## [TASK ITEM]
The records are to be copied from the line that contains "Uzi迎来十五赛季高光表现，瑞士队球迷沸腾！" through their last line, word for word, with every picture left out.

Brief descriptive captions:
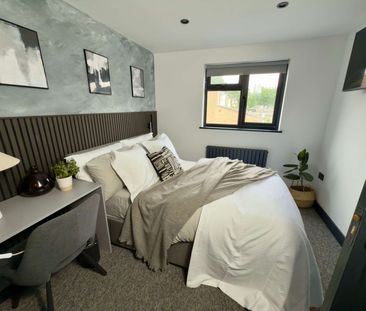 Brand-New All-Ensuite Urban Luxury House-Share - Photo 2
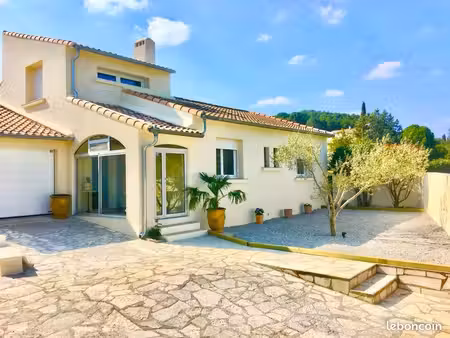 magnifique villa clermont l’hérault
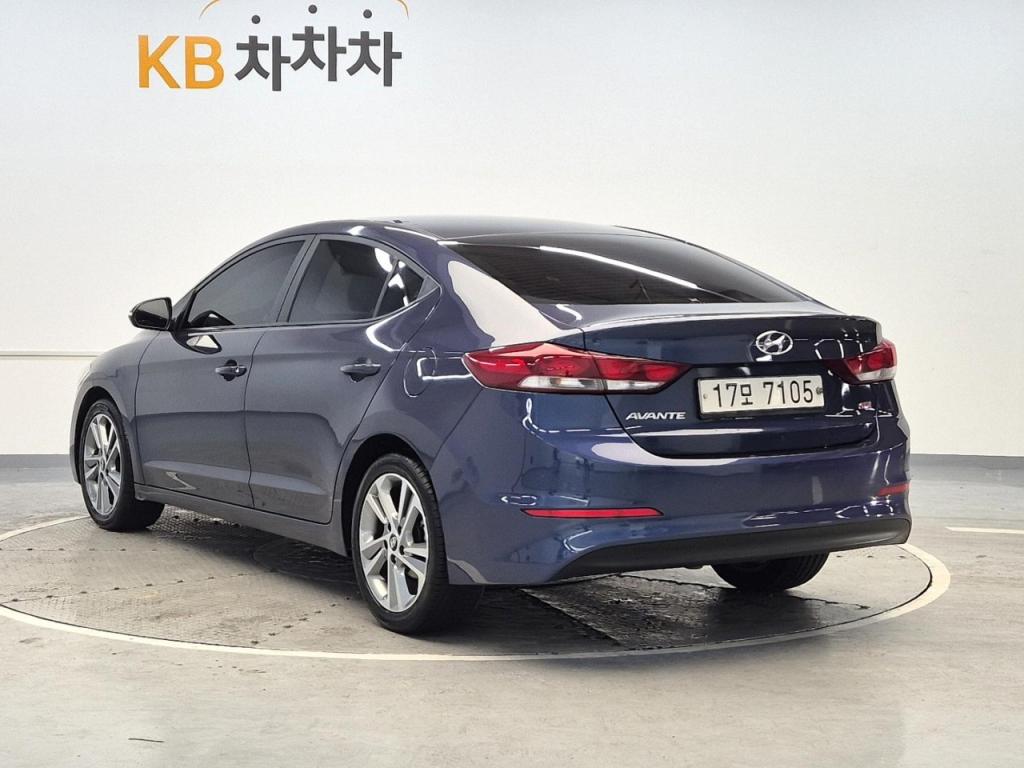 2017 HYUNDAI AVANTE AD 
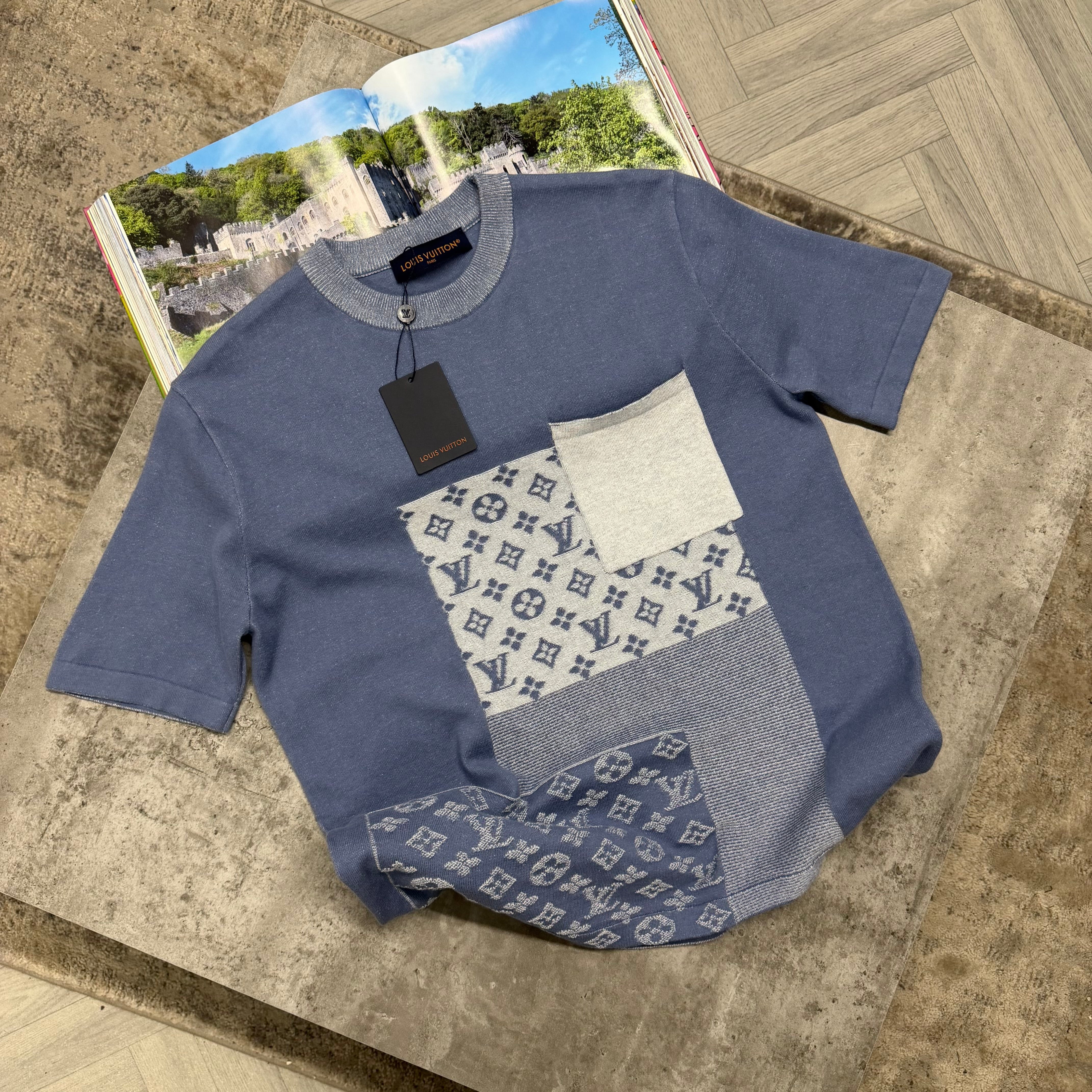 LVE MONO PATCH T SHIRT - SKY BLUE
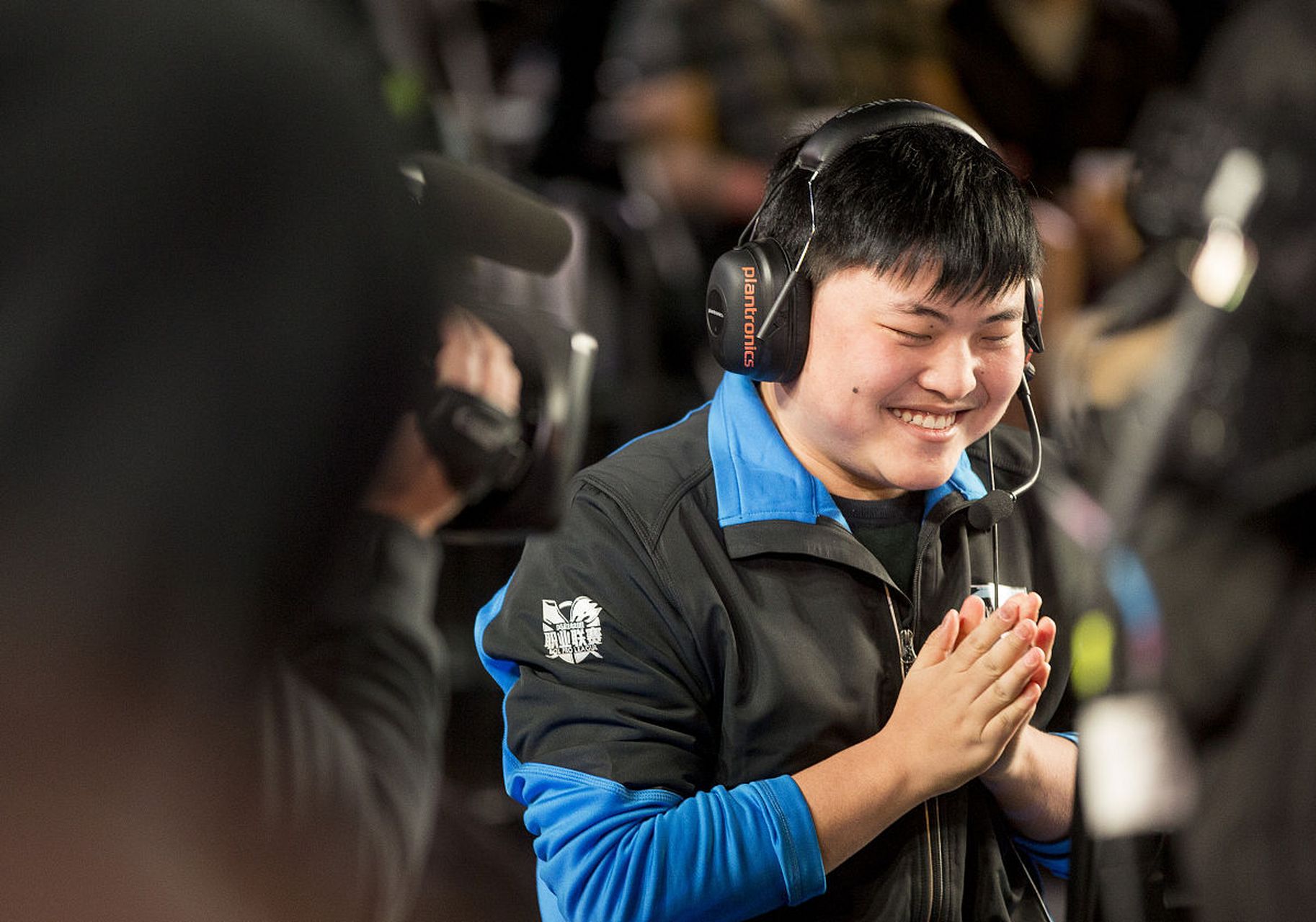 Uzi迎来十五赛季高光表现，瑞士队球迷沸腾！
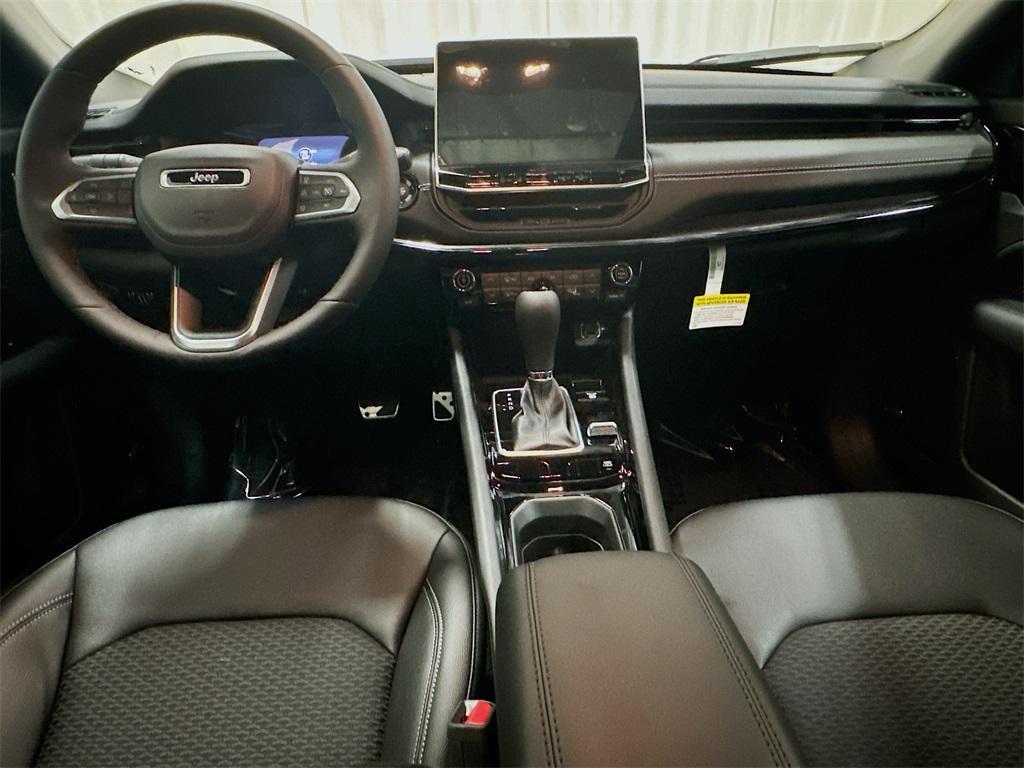 new 2024 Jeep Compass car, priced at $41,025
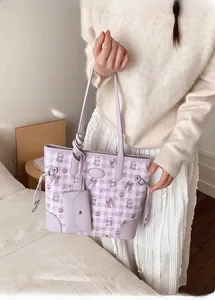 Détail du sac cabas à carreaux lilas avec motifs d'ours et petite pochette assortie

## [YOUR RESPONSE]
 Uzi迎来十五赛季高光表现，瑞士队球迷沸腾！
 new 2024 Jeep Compass car, priced at $41,025
 Détail du sac cabas à carreaux lilas avec motifs d'ours et petite pochette assortie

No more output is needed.